A method for automatically deriving loop invariants for loops in a flowchart program for the purpose of proving the partial correctness of the program is described. In fact, the authors present a method for deriving logical consequences of first-order formulas using resolution and a new extended unskolemization algorithm. They give some properties of this method, and explain its relation to program verification, namely how to apply it for generating loop invariants. The method can be applied when an axiomatization of the model of the data structures and primitive operations of the program language exists.

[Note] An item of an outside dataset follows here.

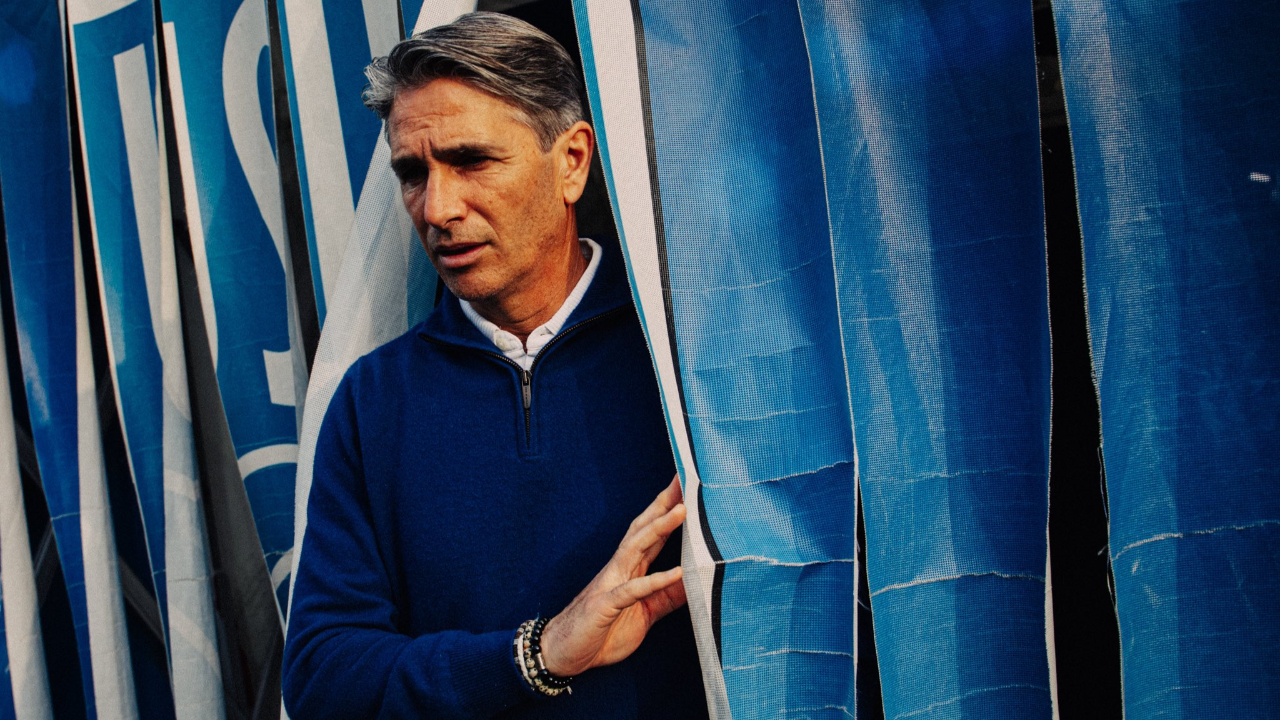 Football : le directeur général du GF38 en dit plus sur l'avenir du coach Franck Rizzetto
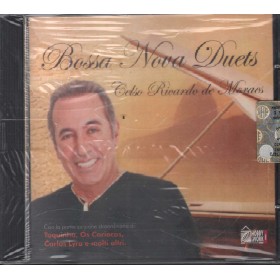 Celso Ricardo De Moraes CD Bossa Nova Duets Hobby – GMSC002E Sigillato Celso Ricardo De Moraes CD Bossa Nova Duets Hobby – GMSC002E Sigillato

According to Cook’s completeness result [1], no complete method can exist for automatically deriving loop invariants for all possible loops. Most of the attempts to mechanically generate loop invariants have been heuristic, and have not been complete in any sense. The method described in the paper is complete in the sense that if a loop invariant exists for a loop in a given first-order language relative to a given finite set of first-order axioms, then the method produces a loop invariant for that loop. Unfortunately, not all interesting theories can be expressed by a finite set of first-order axioms.

The method has not been implemented, but it has been manually applied to many examples, and loop invariants were successfully derived for the programs used. The method works particularly well on programs without nested loops. Finally, the method seems to be a useful tool for the verification of very large programs.

Reviewer:  G. Ciobanu Review #: CR117876
1) Cook, S. A. Soundness and completeness of an axiom system for program verification. SIAM J. Comput. 7, 1 (1978), 70–90.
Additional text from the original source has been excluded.